In the autumn, at the end of the season, Cornwall breathes a sigh of relief: not glad to see the back of the tourists, as such, but looking forward to a bit of ‘quality time’ with itself. Fast forward a couple of months, however, and the novelty of all that peace and quiet has worn off.
On the beer front (the most important bit) pubs we can usually rely on to have several decently-kept, interesting beers are down to one or two, the local market alone being unable to sustain any greater range. Wot no Proper Job? St Austell Tribute, which is a fine, fine beer at its best, becomes a lottery — shifting slowly, and too often staling long before the end of the cask, and ending up tasting like it often does in London.

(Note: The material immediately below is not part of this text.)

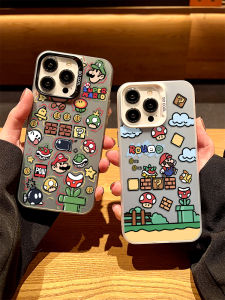 Marios Cartoon Style Laser Engraving Phone Case for Apple 17 16 pro Max 15 pro Frosted 13 Trendy 12 New Model 11 Male 14 Female Xsmax XR Anti-Fall 7/8 plus
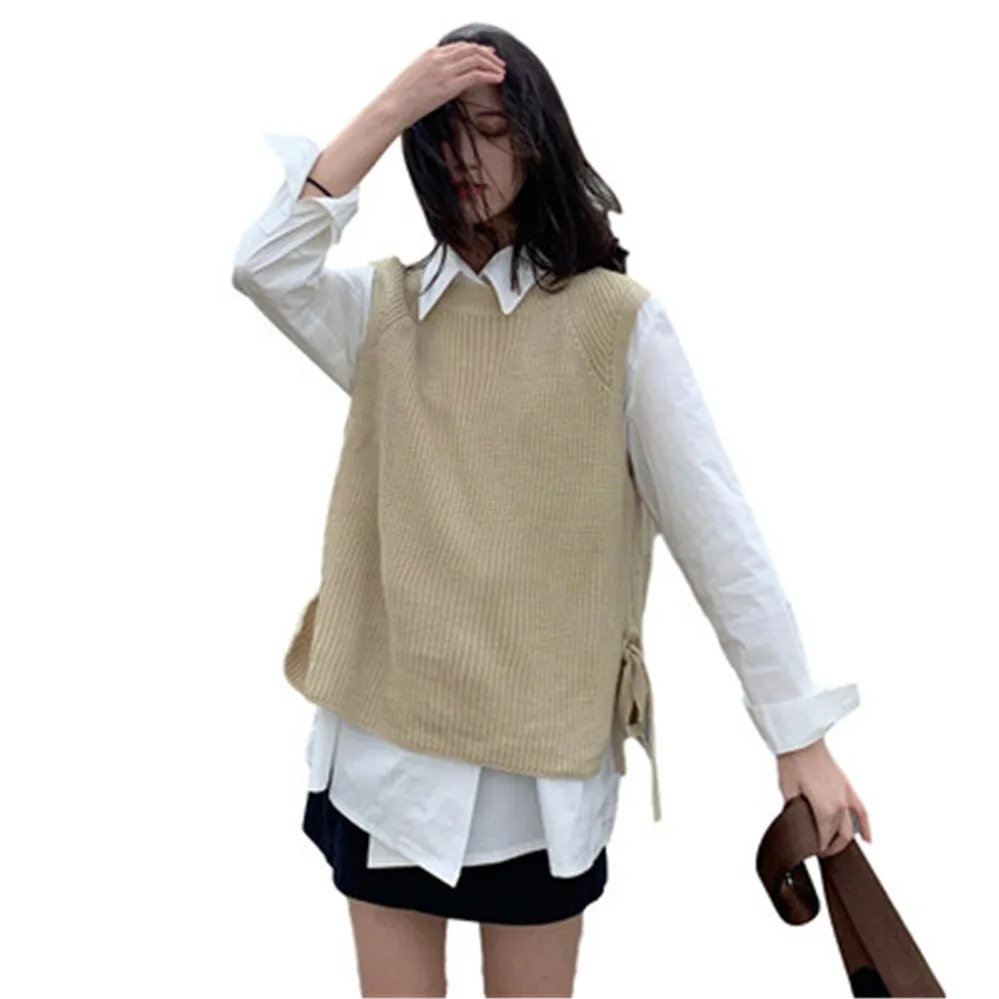 Sweater Vest Women Solid Side-slit Casual Loose Sweet Sweaters Womens Spring All-match Designed Korean Style O-neck Outwear New
Sweater Vest Women Solid Side-slit Casual Loose Sweet Sweaters Womens Spring All-match Designed Korean Style O-neck Outwear New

And as for the atmosphere in the pub… well, without Emetts to roll eyes and chuckle at, the locals start winding each other up, like the increasingly twitchy subjects in an isolation study. For example…
An elderly man out for a few drinks with his wife, suited and booted, finds himself sat a few tables away from a large group of middle-aged people. They eventually pull instruments from pockets and bags and, with stamping feet, begin to sing folk songs in the finger-in-ear style. After ten minutes, as their volume increases, the aging gent becomes agitated, and then leaps to his feet: “I spend a lot of money here; I come here to relax; and I can’t hear myself speak over the noise of that…” He points at a bodhran. “Fucking drum thing!”
Roll on spring: fresh beer and fresh faces are what we need now.